Photograph by Revolution Films/Picture House
Sterner Stuff: Rob Brydon (left) and Steve Coogan goof on the 18th century in Michael Winterbottom's 'Tristram Shandy: A Cock & Bull Story.'

Breech Birth

Michael Winterbottom wrestles Laurence Sterne's unfilmable 'Tristram Shandy' to a cinematic draw

By Richard von Busack

AH, MICHAEL Winterbottom—often depressing, sometimes half-baked, always tenacious. The British director has tried everything: serial-killer liaisons (Butterfly Kiss), sober-sided Thomas Hardy adaptations (Jude), small-camera erotica (9 Songs) and visionary sci-fi (Code 46). His best movie, 24 Hour Party People, borrowed energy from the Manchester music explosion and included the most apropos use of Boethius' The Consolation of Philosophy since A Confederacy of Dunces. Winterbottom struggles courageously in the underfunded British film industry. He is politically evolved and certainly sensitive, and he works his wintery bottom off. So it seems tragic that his films are so rarely worth seeing twice.
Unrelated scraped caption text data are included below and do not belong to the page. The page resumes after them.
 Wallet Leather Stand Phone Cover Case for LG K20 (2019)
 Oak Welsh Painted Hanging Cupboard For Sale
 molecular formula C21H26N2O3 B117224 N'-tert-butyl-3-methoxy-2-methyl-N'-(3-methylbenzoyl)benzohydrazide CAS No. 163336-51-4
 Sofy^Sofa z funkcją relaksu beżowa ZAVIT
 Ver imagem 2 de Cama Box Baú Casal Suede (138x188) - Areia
His meta-adaptation of Tristram Shandy epitomizes the drifting, unsatisfying technique that's kept his work from catching on outside of England. Winterbottom's Tristram Shandy: A Cock & Bull Story offers a behind-the-scenes look at the making of a fictional film version of Lawrence Sterne's The Life and Opinions of Tristram Shandy, Esq. (published 1759-67).

Trying to sum up the novel is a sucker's game. Essentially, Sterne wrote a bildungsroman about an unborn baby, told with discursion upon discursion and suffused with the anecdotes. Sterne picked up the style from Don Quixote. With elisions, blackouts, eccentric typefaces and untrustworthy narration, Sterne paved the crooked path for postmodern lit. But like Joyce's Ulysses—a novel deeply indebted to Sterne—the book tastes better in small sips than great draughts.
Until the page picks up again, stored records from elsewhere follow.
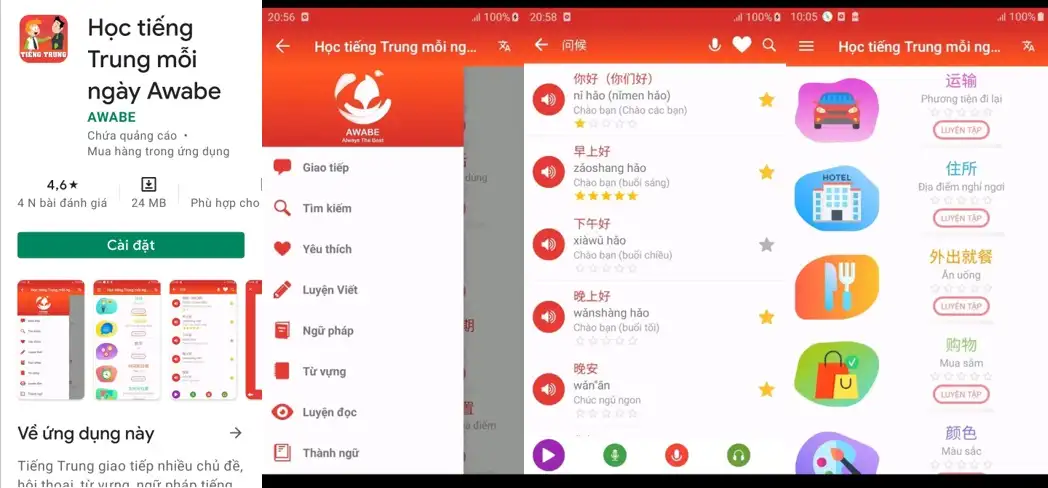 Tiếng Trung mỗi ngày với AWABE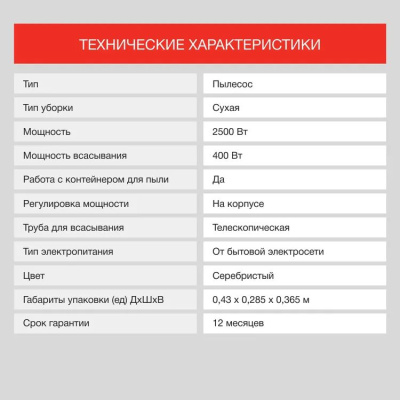 ������� Starwind SCV2545 2500�� �����������/������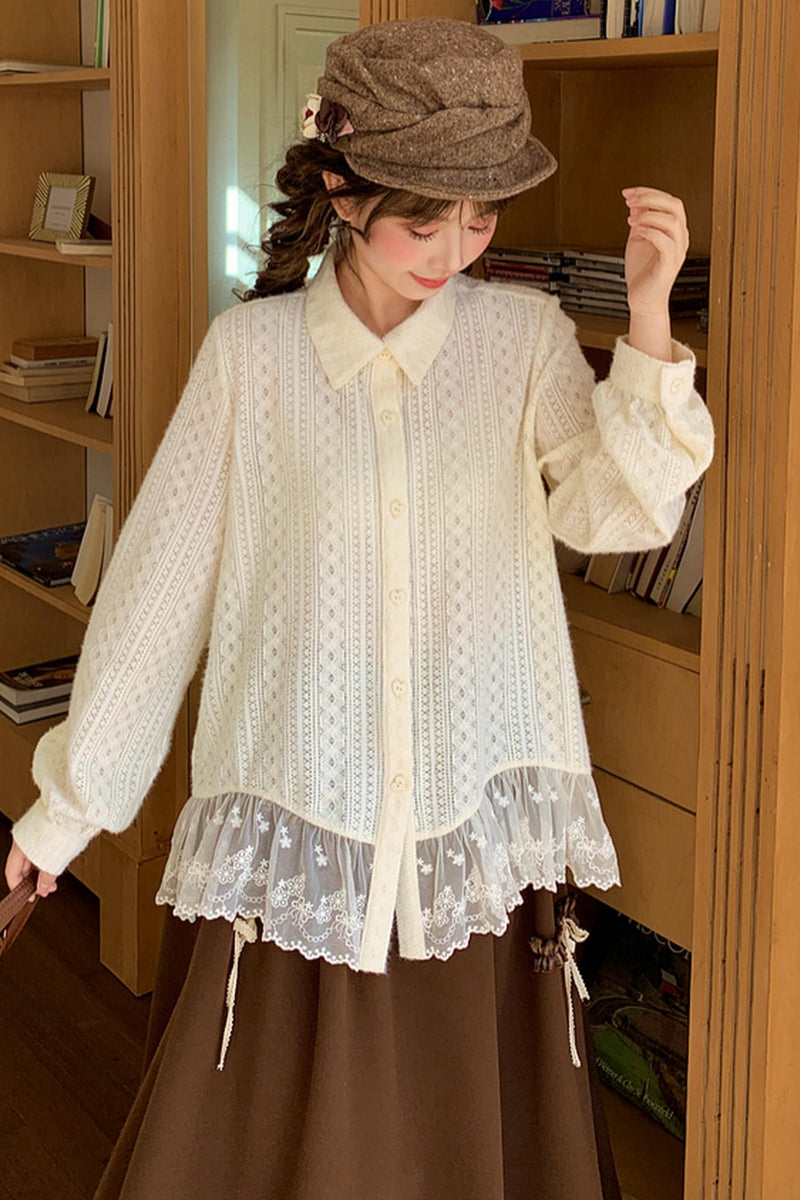 Lace Patchwork Blouse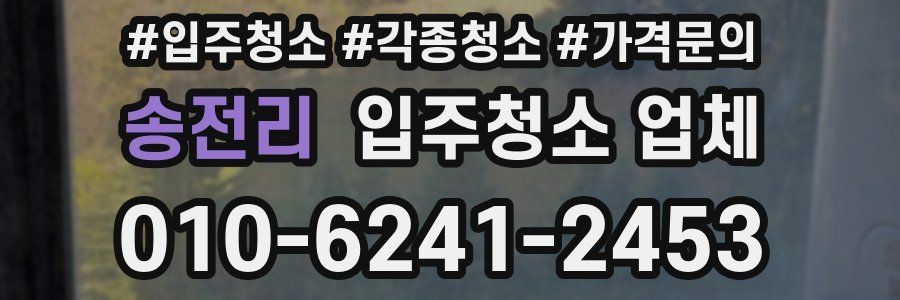 송전리 입주청소 업체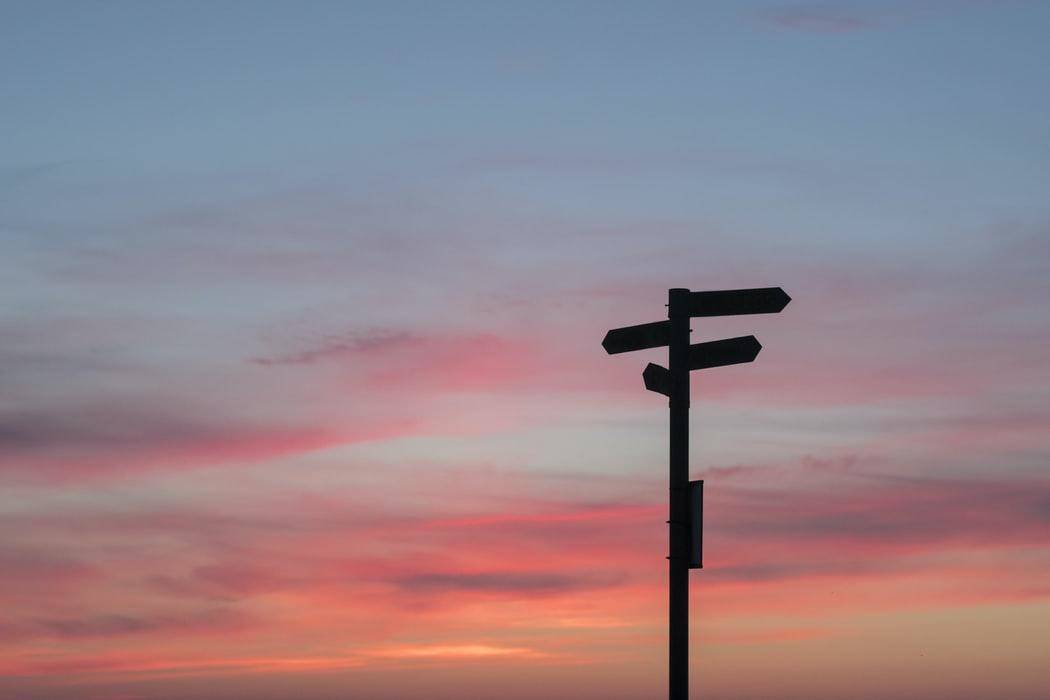 Crossroad sign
In Winterbottom's experiment, the film set for this reveals a clash of egos among the actors. The star of the movie to be is one "Steve Coogan" (played by the real-life English TV celebrity Steve Coogan), who has the twin roles of Tristram and Tristram's father, Walter.

Coogan—a dangerously supercilious alumnus of the school of Peter Cook—plays himself as a poltroon: vain, on the make and scandalous. He has been found out regarding something that happened with a lap dancer named Hedda Gabler. (Was it at a titty bar called "A Doll's House"?) Coogan's sweet-tempered girlfriend (Kelly Macdonald) has come from London to the set with their new baby in tow. But Coogan is too distracted by the filming to notice her, and he is jealous of his co-star Rob Brydon, whom he tries to undermine.

Properly, this film of and about Sterne's ultrarambling book dawdles. Winterbottom comically shuffles through the bad ideas an adaptor would have, including building a foam-rubber uterus from which Tristram narrates the story of his birth, nude and upside down. I'm sorry to say there is a joke about "a womb with a view."

Without underlining it, Winterbottom explains that trying to force Tristram Shandy onto a movie screen is like trying to bonsai a redwood. And he correctly guesses that if such a costume film became troubled the director would beef up the spectacle, trying to stage a Mel Gibson-size re-creation of the Battle of Namur. (This battle was the "hobby horse" of Tristram's invalided Uncle Toby: the obsessive, defining moment of his life.)

For a time, Winterbottom has it both ways. He struts England's stuff, shooting at nine different stately homes, but he also criminally assaults Masterpiece Theatre. Coogan's brand of facetiousness works reliably. Although neither is given anything to do, Shirley Henderson (as an addled maid) and Gillian Armstrong (just seen on Masterpiece Theatre's Bleak House) look appealingly demure in their antique outfits.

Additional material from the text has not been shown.